The Mim's Bits column in the MIT Tech Review has an article,
You, Too Can Be the Next Google. In the article, Tom Annau, the CTO of
blekko (see my
previous post) argues that computing power is growing faster than the amount of 'useful' and 'interesting' content on the web.
"Web search is still an application that pushes the boundaries of current computing devices pretty hard," says Annau. But Blekko accomplishes a complete, up-to-the-minute index of the Web with less than 1000 servers...
To be more efficient, they are more careful about what they crawl by:
- Avoiding crawling spam and splog content
- Using a "split-crawl" strategy that refreshes different genres of content at different rates to ensure that blogs and news are refreshed often.
I'm not sure blekko's "efficiency" techniques are particularly interesting or novel.

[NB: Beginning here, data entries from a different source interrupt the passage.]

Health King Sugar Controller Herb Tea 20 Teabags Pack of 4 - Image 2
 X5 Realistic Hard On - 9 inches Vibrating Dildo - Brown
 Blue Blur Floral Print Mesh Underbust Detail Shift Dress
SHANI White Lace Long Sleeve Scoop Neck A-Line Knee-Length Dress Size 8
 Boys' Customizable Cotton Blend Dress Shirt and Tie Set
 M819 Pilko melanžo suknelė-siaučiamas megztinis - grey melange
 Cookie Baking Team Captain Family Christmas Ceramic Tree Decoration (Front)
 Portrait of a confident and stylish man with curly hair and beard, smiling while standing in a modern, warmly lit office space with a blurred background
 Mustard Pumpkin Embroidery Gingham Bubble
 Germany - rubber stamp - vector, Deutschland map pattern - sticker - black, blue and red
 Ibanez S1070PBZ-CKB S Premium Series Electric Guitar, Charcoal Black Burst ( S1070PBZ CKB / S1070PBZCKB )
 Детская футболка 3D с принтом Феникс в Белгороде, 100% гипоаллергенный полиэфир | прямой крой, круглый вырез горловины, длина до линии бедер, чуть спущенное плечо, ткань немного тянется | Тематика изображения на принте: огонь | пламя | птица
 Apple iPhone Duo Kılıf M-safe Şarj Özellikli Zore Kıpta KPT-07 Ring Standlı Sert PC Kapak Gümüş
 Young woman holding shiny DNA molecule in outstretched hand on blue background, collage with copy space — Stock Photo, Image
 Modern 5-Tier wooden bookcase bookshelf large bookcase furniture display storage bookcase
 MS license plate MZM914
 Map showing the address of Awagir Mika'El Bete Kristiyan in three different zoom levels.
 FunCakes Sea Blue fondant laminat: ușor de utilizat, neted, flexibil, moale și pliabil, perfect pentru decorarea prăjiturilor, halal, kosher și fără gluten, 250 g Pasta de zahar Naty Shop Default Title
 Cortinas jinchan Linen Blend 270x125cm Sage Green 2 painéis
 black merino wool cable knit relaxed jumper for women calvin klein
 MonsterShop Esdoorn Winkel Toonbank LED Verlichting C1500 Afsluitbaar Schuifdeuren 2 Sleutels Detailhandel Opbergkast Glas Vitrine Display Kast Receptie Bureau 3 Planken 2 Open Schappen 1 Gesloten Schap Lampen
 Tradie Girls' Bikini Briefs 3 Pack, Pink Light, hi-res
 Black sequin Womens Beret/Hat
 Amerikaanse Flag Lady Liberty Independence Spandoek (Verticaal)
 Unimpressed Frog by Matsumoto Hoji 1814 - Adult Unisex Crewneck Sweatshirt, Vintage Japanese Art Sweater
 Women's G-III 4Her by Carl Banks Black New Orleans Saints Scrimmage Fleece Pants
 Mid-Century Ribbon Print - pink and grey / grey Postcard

However, I do think that overall the ability to crawl and index the entire web is getting easier, especially with distributed crawlers (like
Bixo).
"Whether we succeed or fail as as startup, it will be true that every year that goes by individual servers will become more and more powerful, and the ability to crawl and index the useful info on the Web will actually become more and more affordable," says Annau.
Large investments in clusters in the cloud could be wiped out if someone found a way to capture much of the value of billions with a small cache of millions.
In principle, if you knew these pages and had a way of accurately predicting which ones change, then the price of search can be significantly reduced. In the paper, they go on to highlight that a personalized page cache or one based on profiles of similar users offers an even greater opportunity. In short, there is great opportunity for small very personalized verticals.
I think the main reason that blekko needs a modest number of servers is that its query volume is small. One of the key reasons that Google and other web search engines need thousands and thousands of computers is to support very fast query latency for billions of queries per day from hundreds of millions users around the world. To pull this off Google keeps its search index in memory (see
Jeff Dean WSDM 2009 keynote).